Injections and Infusions
Despite years of focused education specific to documentation requirements for injection and infusion services, coders still struggle to obtain documentation that is complete and explicit and that contains the necessary elements to assign a procedure code. Codes for injection and infusion services are defined by documentation that specifies:
- Site (anatomic location) of injection or infusion
- Route of administration (i.e., subcutaneous, intramuscular, intravenous, intradermal)
- Substance administered (i.e., fluids, medications, diagnostic contrast, etc.)
- Quantity of substance ordered and administered
Codes for infusion services are further defined by documentation to report:
- Intent of infusion (hydration, therapeutic, chemotherapy)
- Infusion time (i.e., start and stop time for the infusion or total infusion time)
- Technique of administration (i.e., push or drip)
Excision of Skin Lesions
Correct procedure code assignment for diagnostic and therapeutic treatment of skin lesions requires procedure documentation that allows the CDS or coding professional to accurately identify the procedure performed. Axes of CPT codes for integumentary procedures include:
- Paring or cutting
- Removal of skin tags
- Shaving of epidermal lesions
- Excision of benign lesions
- Excision of malignant lesions
Complete procedure description is necessary to assign an accurate code that reflects the service performed. Code assignment is primarily determined by the type of lesion being treated, the size of the lesion (including margins), and the closure or repair following the procedure. Simple closure following excision is included in the removal and is not separately reportable. Intermediate, layered, or other types of closure may be reported in addition to the excision procedure. Intermediate closure should include specific detail for the depth of the defect and specifically identify the deeper dermal layers included. Notation of “layered repair” is not sufficient to assign an intermediate repair code. Documentation for correct procedure code assignment for each lesion should contain the following:
- Anatomic location of the lesion
- Preoperative diagnosis (including reason for removal if indicated)

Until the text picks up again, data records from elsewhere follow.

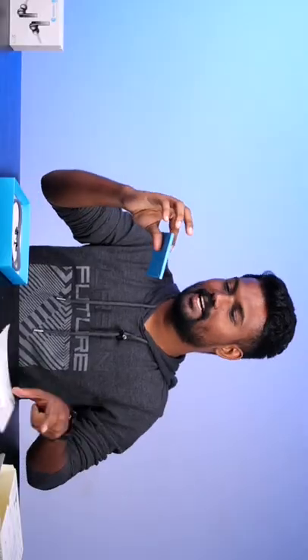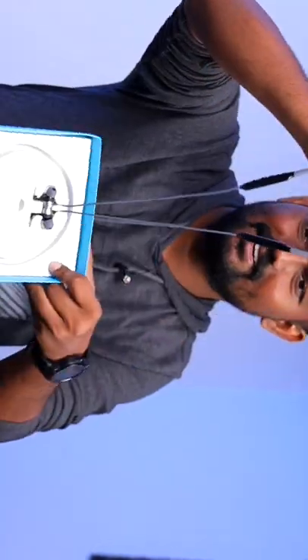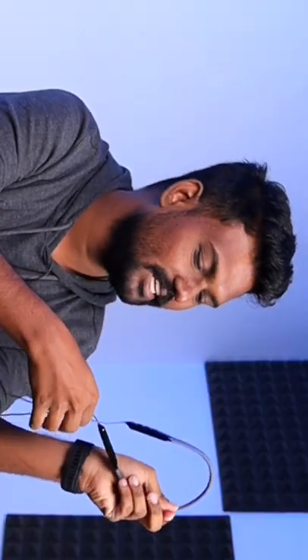This is the Neckband. This packaging is super — it's the same as this. This is the Neckband. This product is great. This is the rubber rosary and this is the wire quality.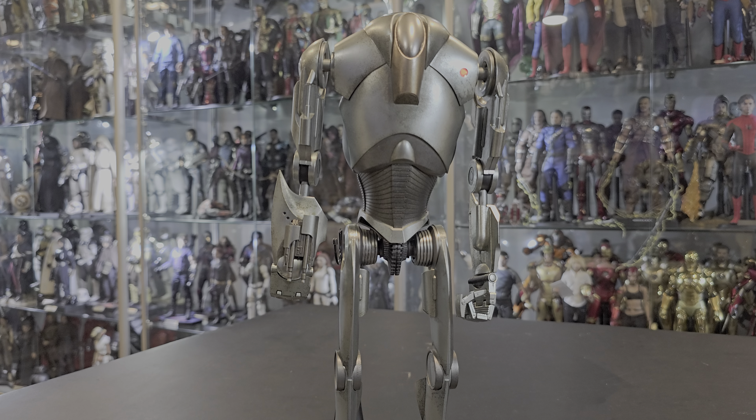So I'll give this figure a 9, just because it's missing the weight. But overall it's perfect — I have no complaints about the figure whatsoever. As always, guys, thank you for watching, and I'll see you in the next one.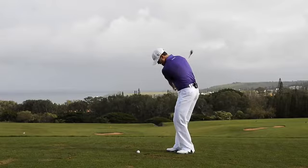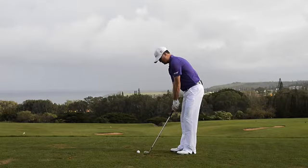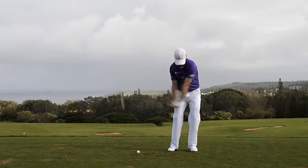On little chip shots, what I see with a lot of amateurs is they really try to help the ball in the air. What I mean by that is a lot of wrist on the way back and a lot of wrist on the way through — a lot of wrist cocking on the way back and through.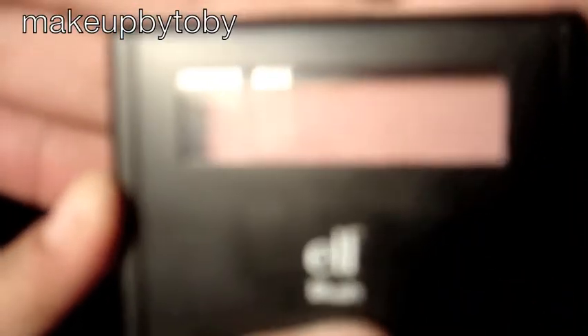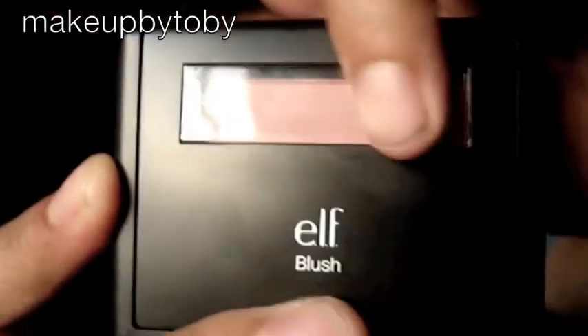And this is the packaging. I really like the packaging — I like how slick it is. I like that it's all black, and I like that you can kind of see a little bit of the color through the little window. And then of course you also have a little mirror inside.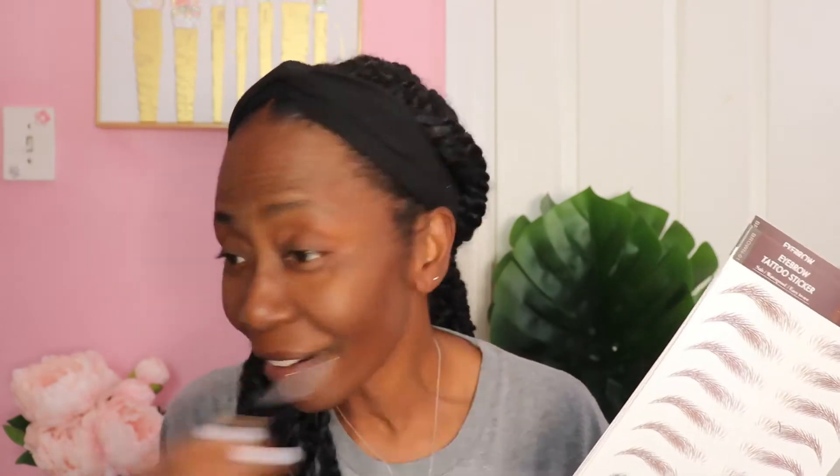This is the front — kind of like a plastic that covers the sticky part. And then on the back, these are the images. They don't have numbers on this one. They have brown, black, black, and different shapes. I'm going through each one to make sure I can find one that matches my brow. I think this one is more like me, but a little bit thicker. Or maybe this one. I'm going to try this one because the bottom one seems to be thinner than the top one — it goes from thicker to thinner. So I'm going to try the first one at the bottom.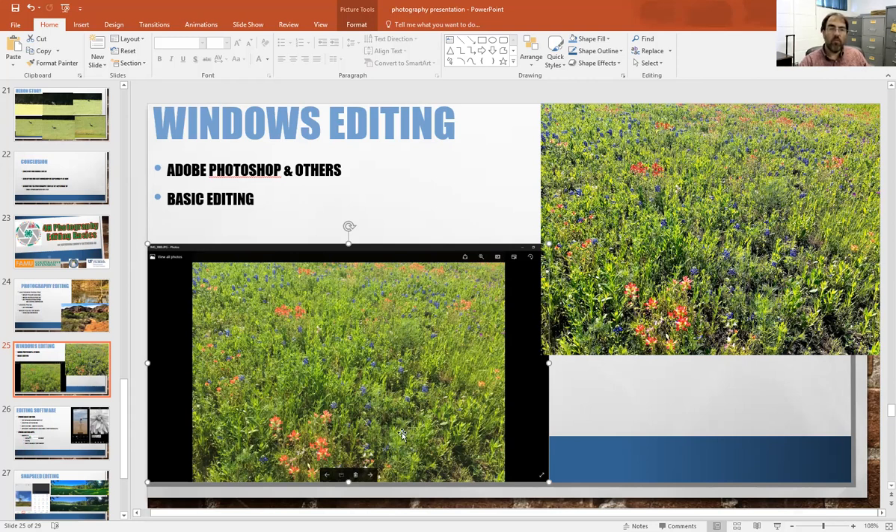Basically, editing is sliding controls and trying to make it look better. It's not always a drastic difference, but there's enough that you notice — this is the after-editing photo and this is before. This is what you can potentially do with limited ability.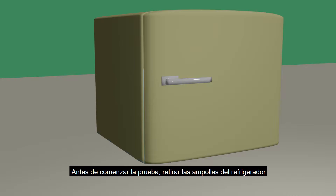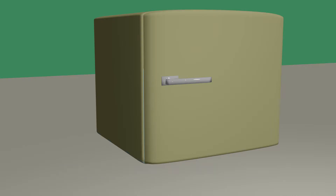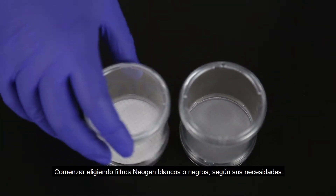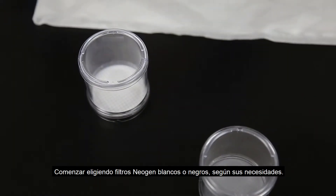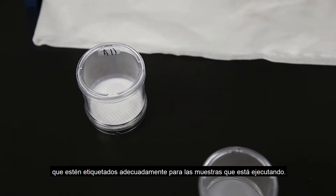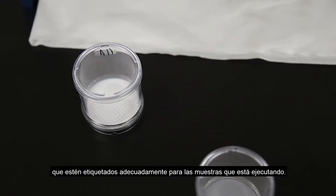Prior to beginning the test, remove your ampules from the refrigerator to allow them sufficient time to reach room temperature. This takes approximately 30 minutes. Begin by choosing either white or black Neogen filters depending on your need. This would also be a good time to make sure they are labeled appropriately for the samples you are running.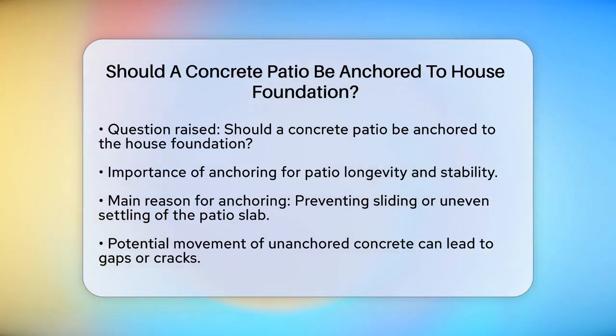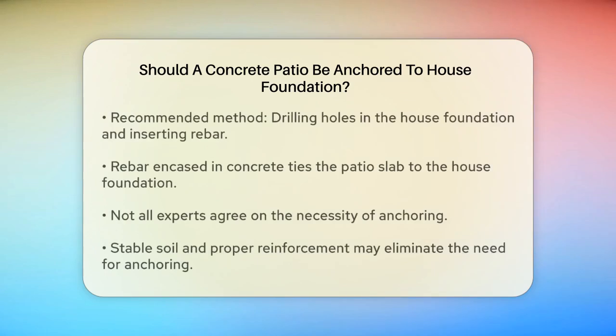First, let's consider why someone might suggest anchoring the patio to the house. The main reason is to prevent the patio slab from sliding away or settling unevenly over time. When concrete sets and then settles, it can move slightly, and if it's not attached to the house, this movement could create gaps or cracks between the patio and the house.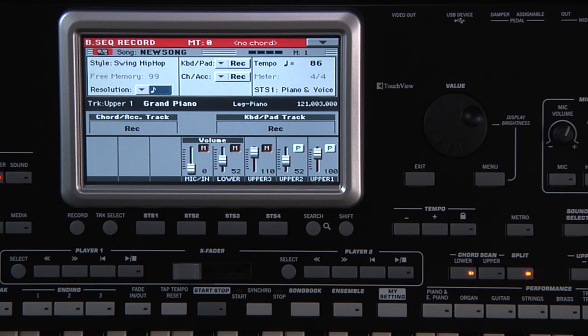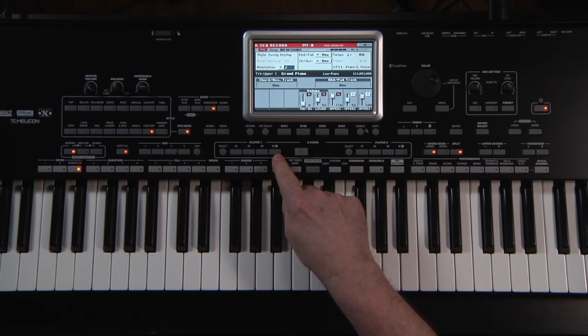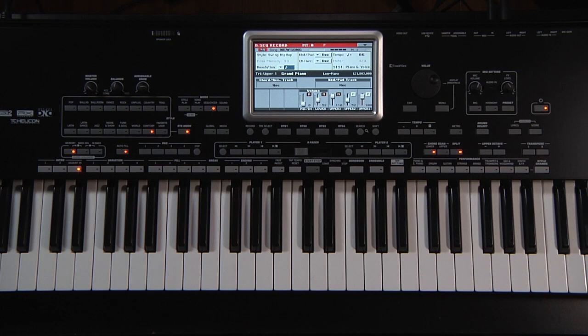Pressing the Style Start/Stop button will simultaneously start the style and start the sequencer recording after a one-measure pre-count. Trigger the initial chord first. Now we're ready — press Start.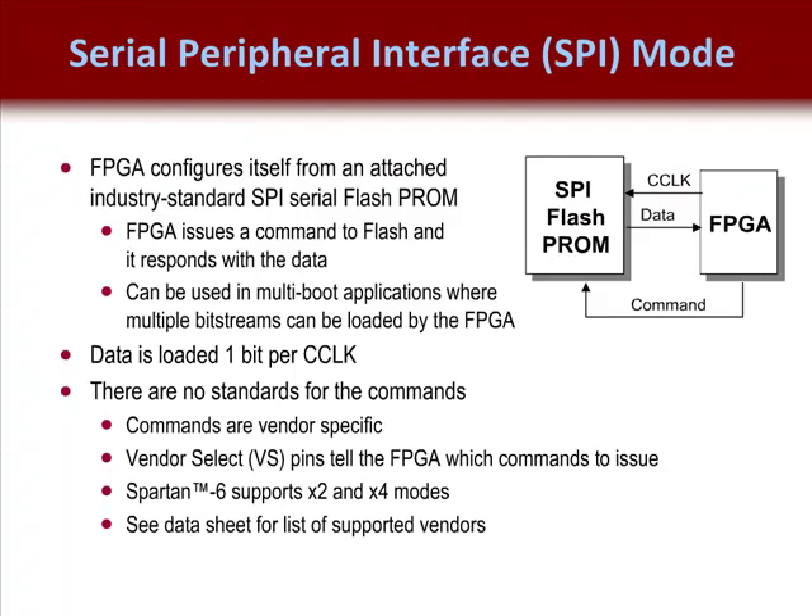The Serial Peripheral Interface, or SPI, configuration mode is supported for Vertex 5, Vertex 6, Spartan 3E, and Spartan 6 FPGAs. This configuration mode allows the FPGA to configure itself from an industry-standard SPI flash PROM. The FPGA generates a clock signal and drives a command to the PROM. The PROM then responds with the appropriate data.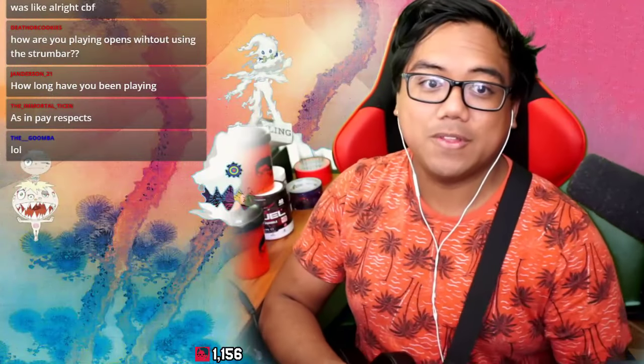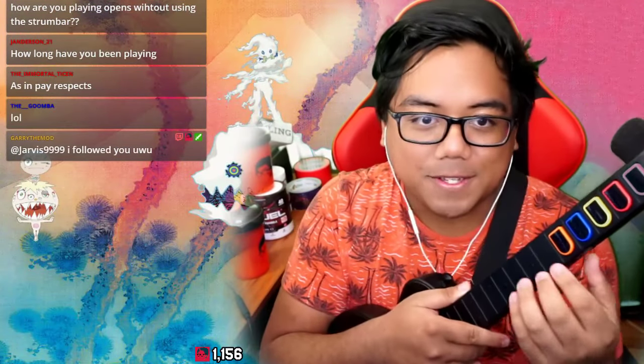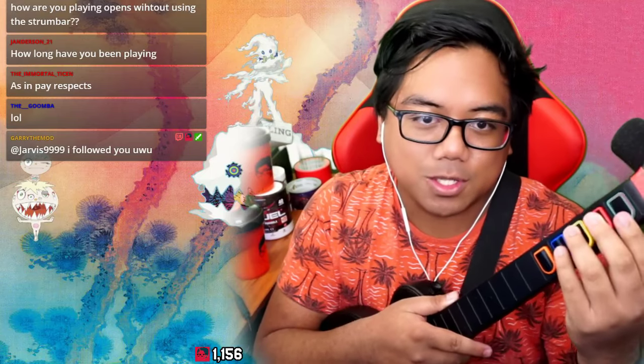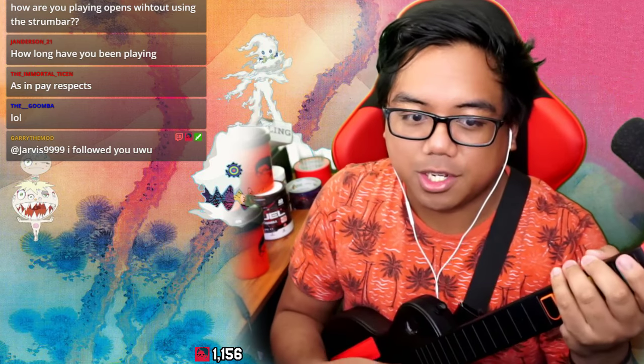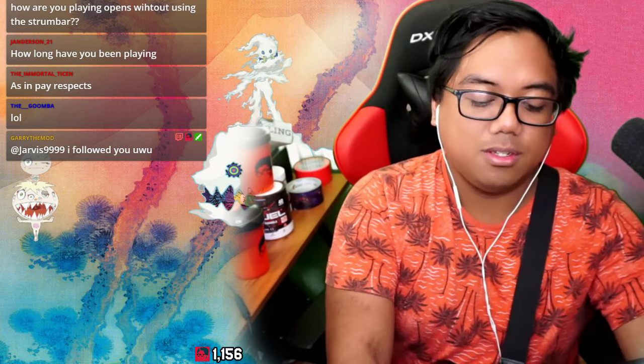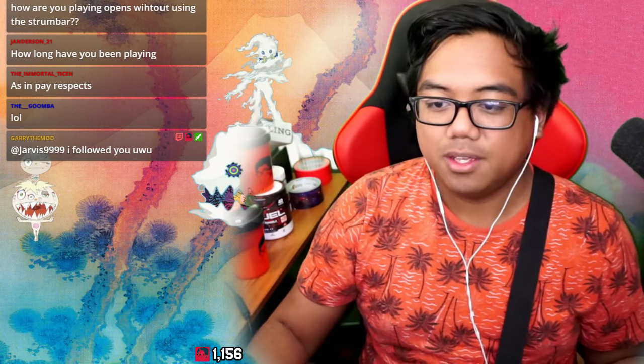For beginners, big tip: don't be scared of the orange button. I know it seems a little rough in the beginning. Take your four fingers — I know you're probably used to green through blue — move it up, and then use your index finger for red and green. You'll be fine, you can do it!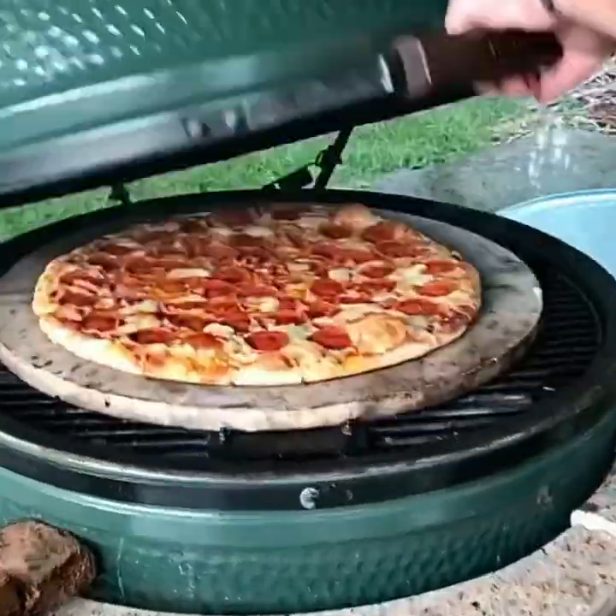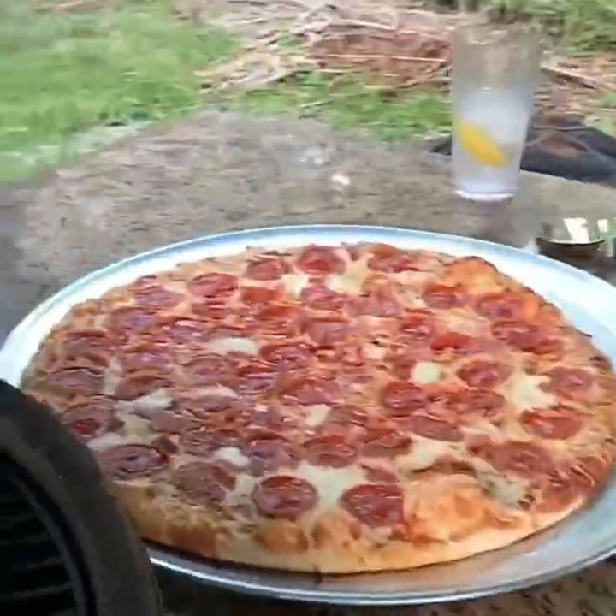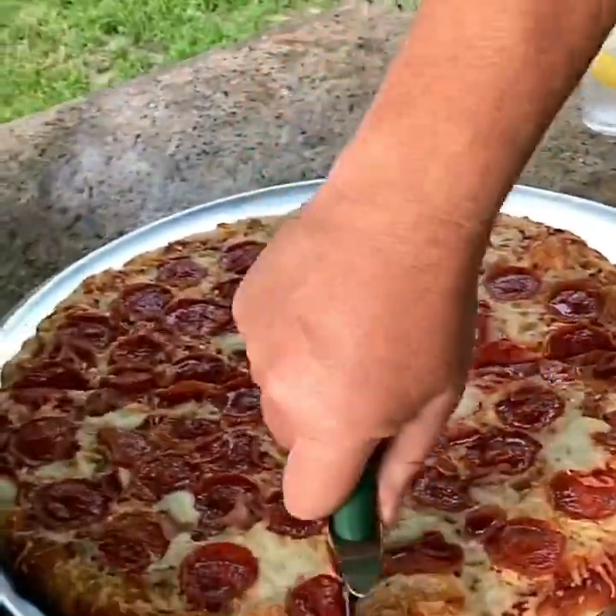What do you think? Man, that's looking good. Ooh-wee! Bubbling away. Alright, I'm gonna remove it. Now, the trick here is when you cut it, does it crisp? Oh yeah, it sure does.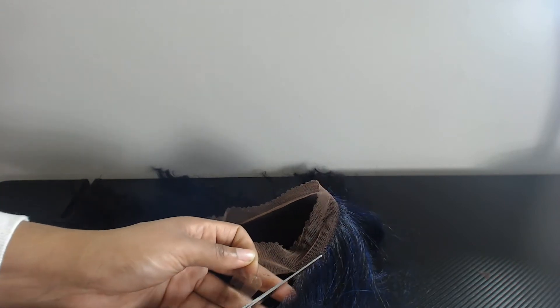Here I'm just showing you how I cut the lace off my wigs. Personally, I like to cut as much lace off as possible and line it up with my hairline. I just think that looks most natural for me and it is easiest for me.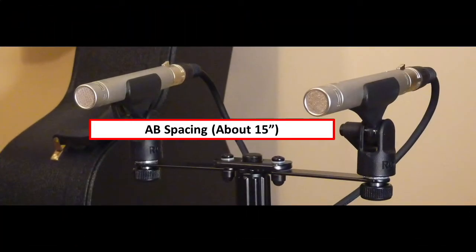This is the AB setup. In this setup, the mics are pointed towards the guitar and I have them about 15 inches apart.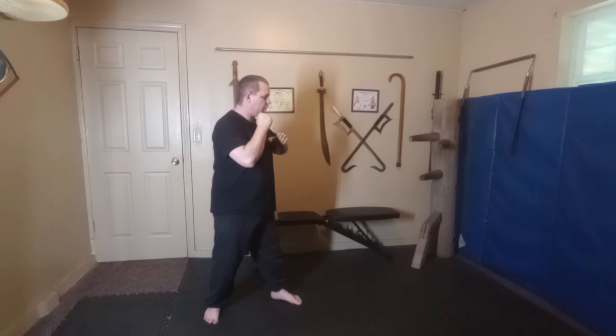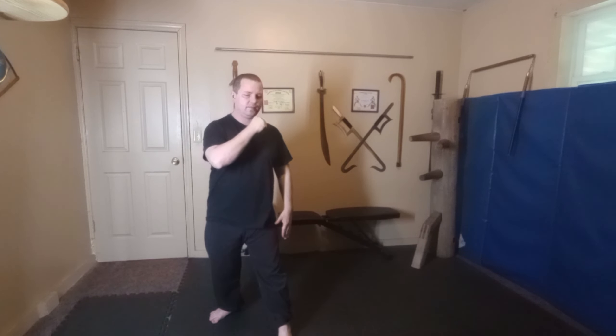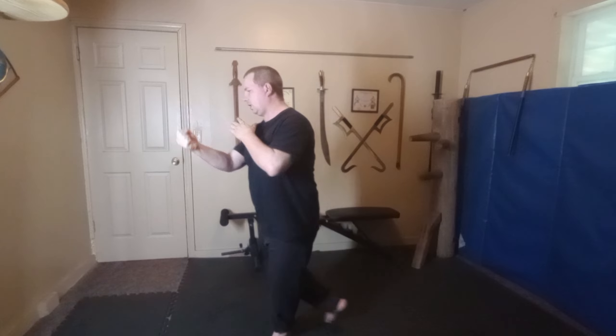Then deliver an elbow to the solar plexus, followed by a hammer fist to the groin. Step up to the left, keep a hold of the hand as you stand out, and throw their hand off.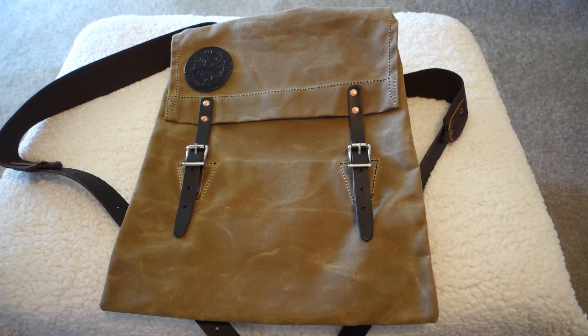Hi everyone and welcome to Traditional Black Powder. Today we're going to spend a few minutes taking a look at the Duluth Scout Pack.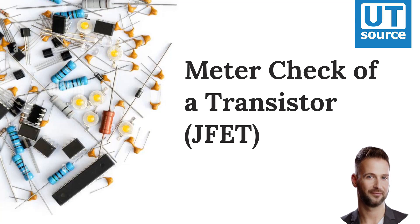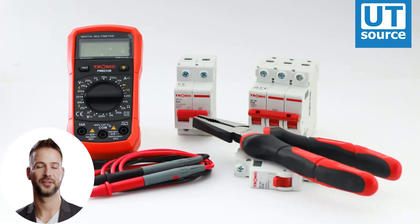Meter Check of a Transistor. Testing a JFET with a multimeter might seem to be a relatively easy task, seeing as how it has only one PN junction to test, either measured between gate and source, or between gate and drain.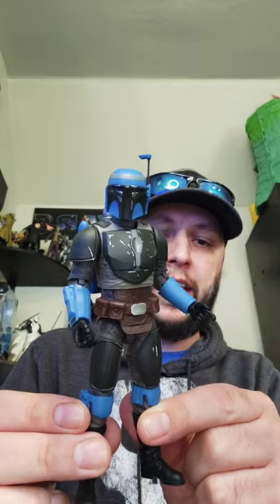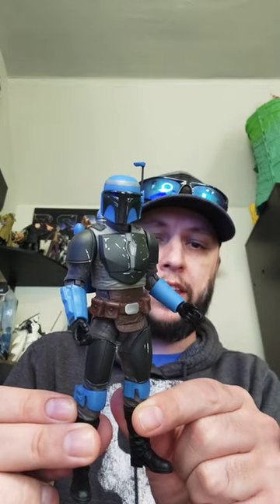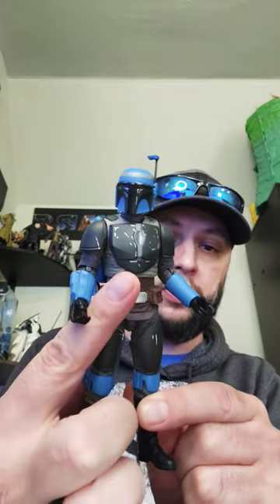He's one of my favorites so far of the new year. I know he came out last year but I got him recently. Many will say that this is just a repaint of the Death Watch Mandalorian — not true. His underlay here is different, so this is mostly a retool.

- Postoperative diagnosis, if possible (Note: lesions with uncertain morphology may not have a definitive post-op diagnosis assigned until pathologic examination is completed)
- Size of lesion including skin margins required for complete excision (lesion diameter plus the narrowest margin required equals the excised diameter)
- Method or technique used for excision
- Type of closure, including depth and specific dermal layer included in closure
- Notation of any complications
Debridement procedures by physicians performed using a scalpel or other sharp instrumentation such as a dermatome to excise tissue until viable tissue is exposed. Wounds treated by debridement may be the result of injury, infection, chronic ulcer, or other causes. Burn wounds are not reported using general debridement codes and a specific category of CPT codes for burn debridement should be reported. Debridement codes are reported by documentation that specifies:
- Anatomic location of wound
- Depth of tissue removed
- Surface area of the wound
When treating multiple wounds, clinicians must document the specific details for each area treated to enable accurate code assignment.
CPT coding presents unique challenges that may be new to CDSs, but the opportunities for provider query and education are just as important as those associated with diagnosis codes. Understanding the structure, format, and guidelines for procedure codes can be a rewarding expansion of documentation improvement efforts in any organization.
Clinical Documentation Improvement Desk Reference for ICD-10-CM and Procedure Coding 2018. Optum360, 2017.
CPT 2018 Professional Edition. Chicago, IL: American Medical Association, 2017.